**Assigned task**
Could you retype the whole listing word for word and drop the images?

======

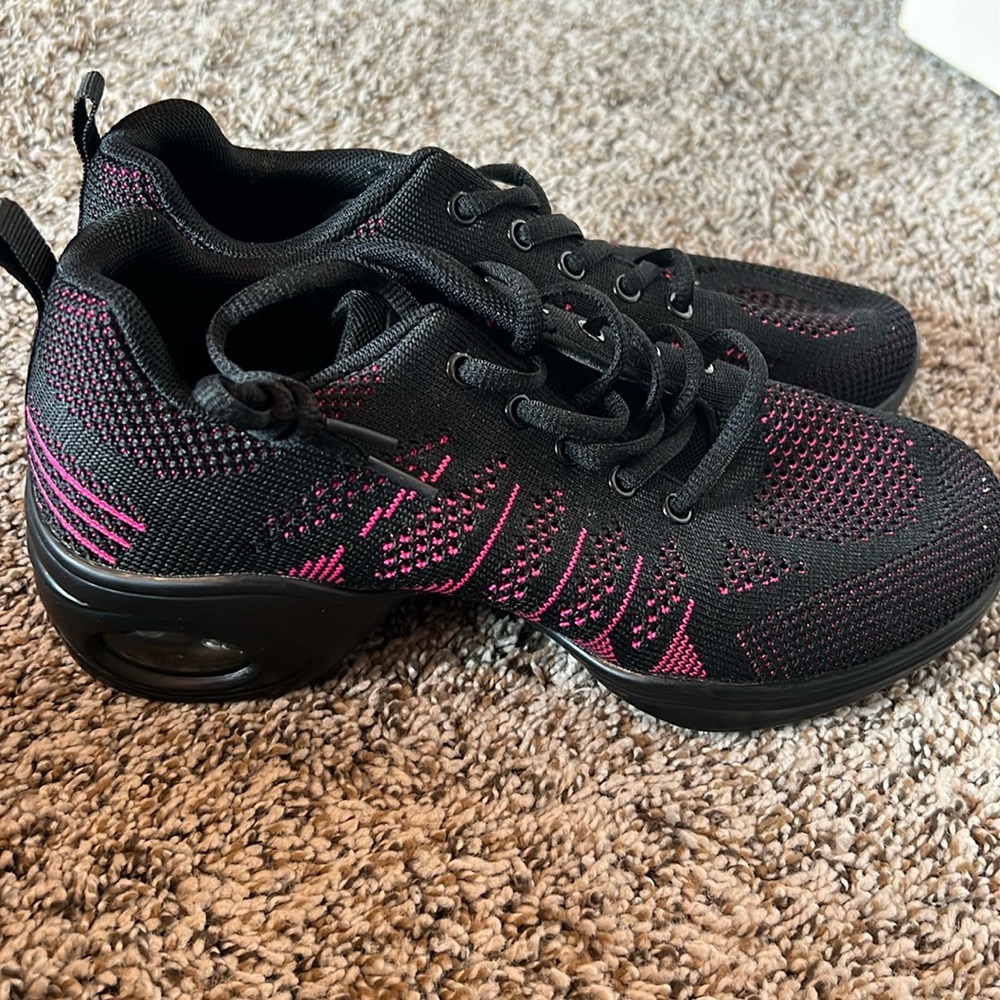 Slow Man Size 38 women’s dance shoe/any time shoe.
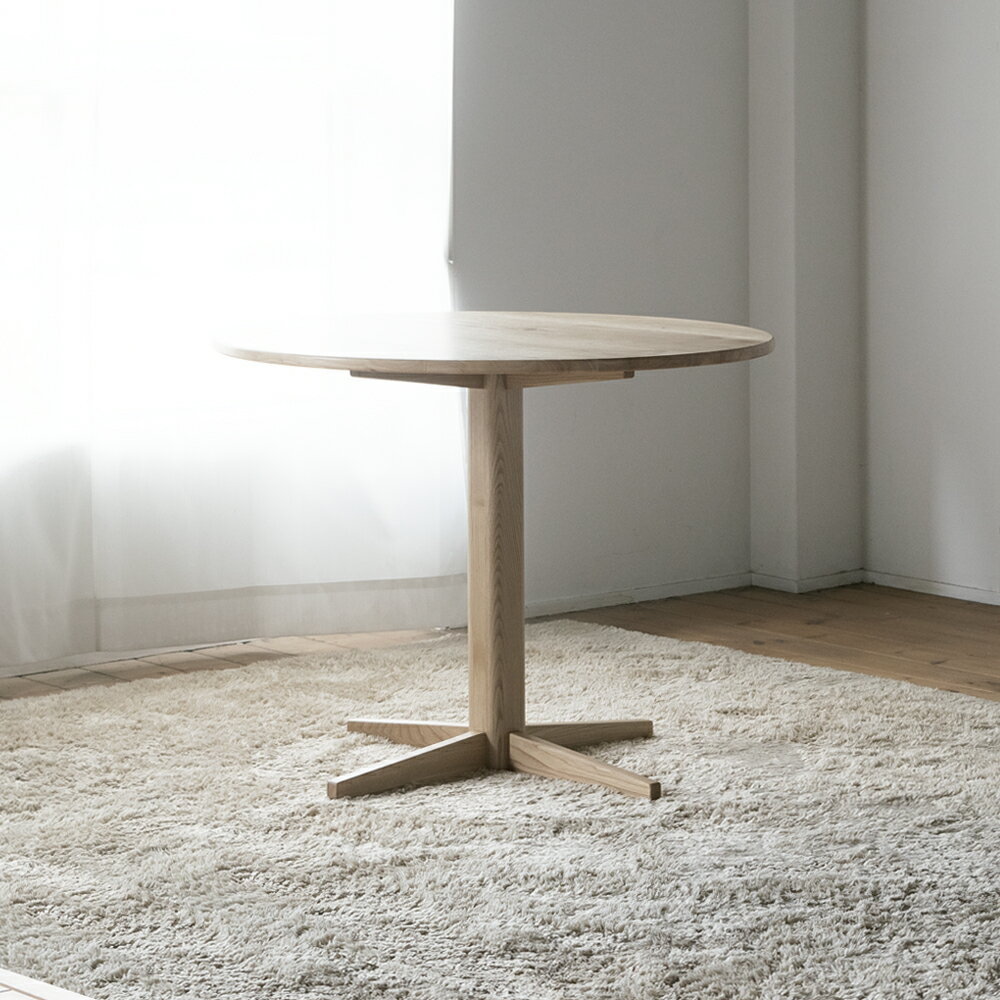 【ふるさと納税】＜選べるサイズ＞くりの丸いダイニング 1本足タイプ（国産栗材・ウレタン塗装） 直径：70cm / 80cm / 90cm ダイニングテーブル 栗無垢 ラバーウッド 木製 栗色 ナチュラルカラー テーブル 机 食卓 家具 インテリア 福岡県 柳川市 送料無料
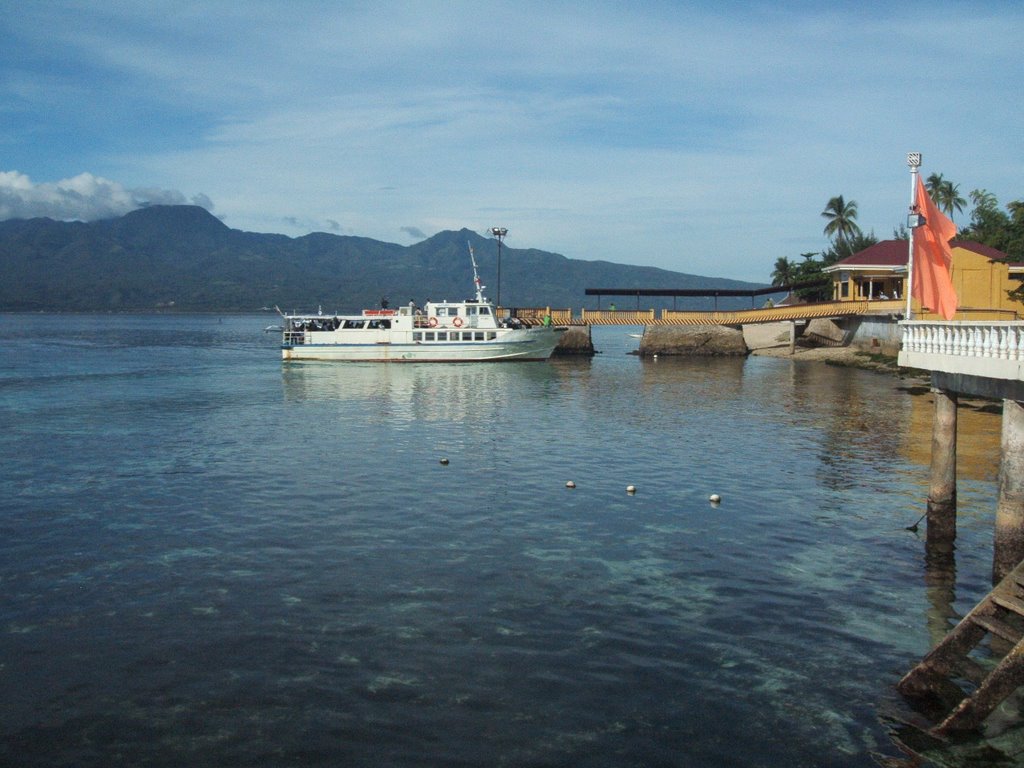 Santander Port Area by traveler101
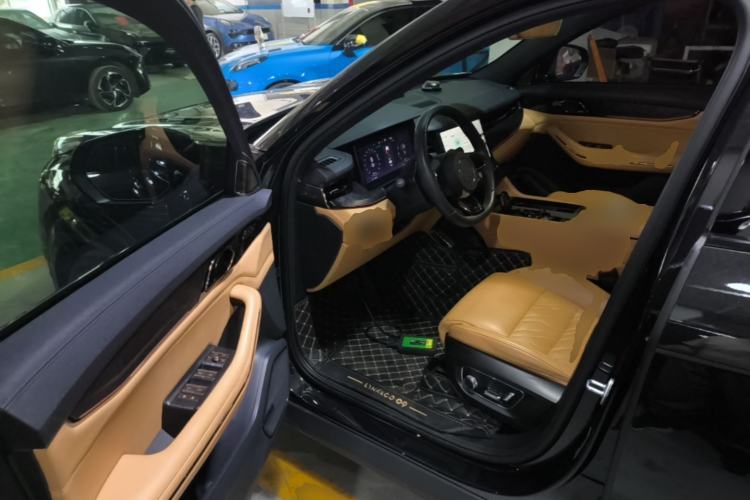 Used Lynk & Co 09 EM-P 2021 2.0T PHEV Halo Six-Seater Driver Seat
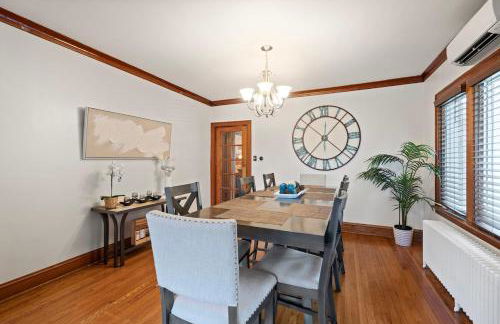 Gold Coast Oasis 2BR Home Near Airports, Game Room, FirePit - Foto 16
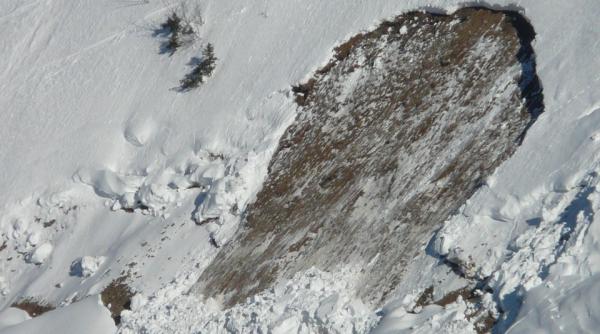 doi alpinisti au fost ucisi de avalansa in pirineii francezi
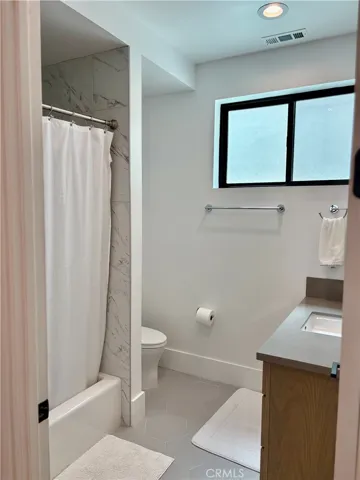 full bathroom level 1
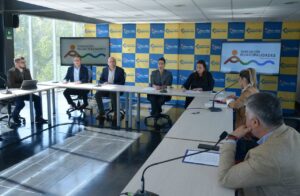 ALCALDES DE LA REGIÓN SOLICITAN REUNIÓN CON EL MINISTRO DEL INTERIOR PARA ABORDAR MEDIDAS POR ALZA DE PRECIOS EN COMBUSTIBLES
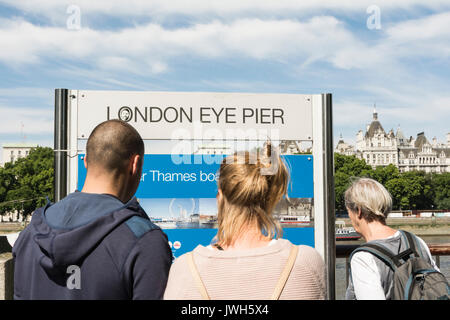 Touristen am London Eye Pier - ein Riesenrad am Südufer der Themse in London, UK. Stockfoto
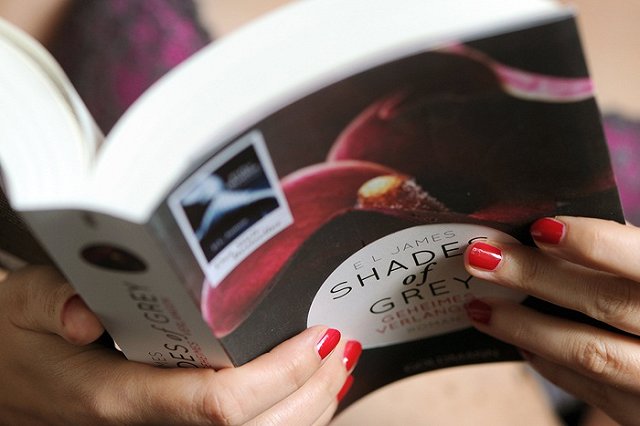Изучена реакция молодых женщин на БДСМ из «50 оттенков серого»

======

**Exercise response**
 Slow Man Size 38 women’s dance shoe/any time shoe.
 【ふるさと納税】＜選べるサイズ＞くりの丸いダイニング 1本足タイプ（国産栗材・ウレタン塗装） 直径：70cm / 80cm / 90cm ダイニングテーブル 栗無垢 ラバーウッド 木製 栗色 ナチュラルカラー テーブル 机 食卓 家具 インテリア 福岡県 柳川市 送料無料
 Santander Port Area by traveler101
 Used Lynk & Co 09 EM-P 2021 2.0T PHEV Halo Six-Seater Driver Seat
 Gold Coast Oasis 2BR Home Near Airports, Game Room, FirePit - Foto 16
 doi alpinisti au fost ucisi de avalansa in pirineii francezi
 full bathroom level 1
 ALCALDES DE LA REGIÓN SOLICITAN REUNIÓN CON EL MINISTRO DEL INTERIOR PARA ABORDAR MEDIDAS POR ALZA DE PRECIOS EN COMBUSTIBLES
 Touristen am London Eye Pier - ein Riesenrad am Südufer der Themse in London, UK. Stockfoto
Изучена реакция молодых женщин на БДСМ из «50 оттенков серого»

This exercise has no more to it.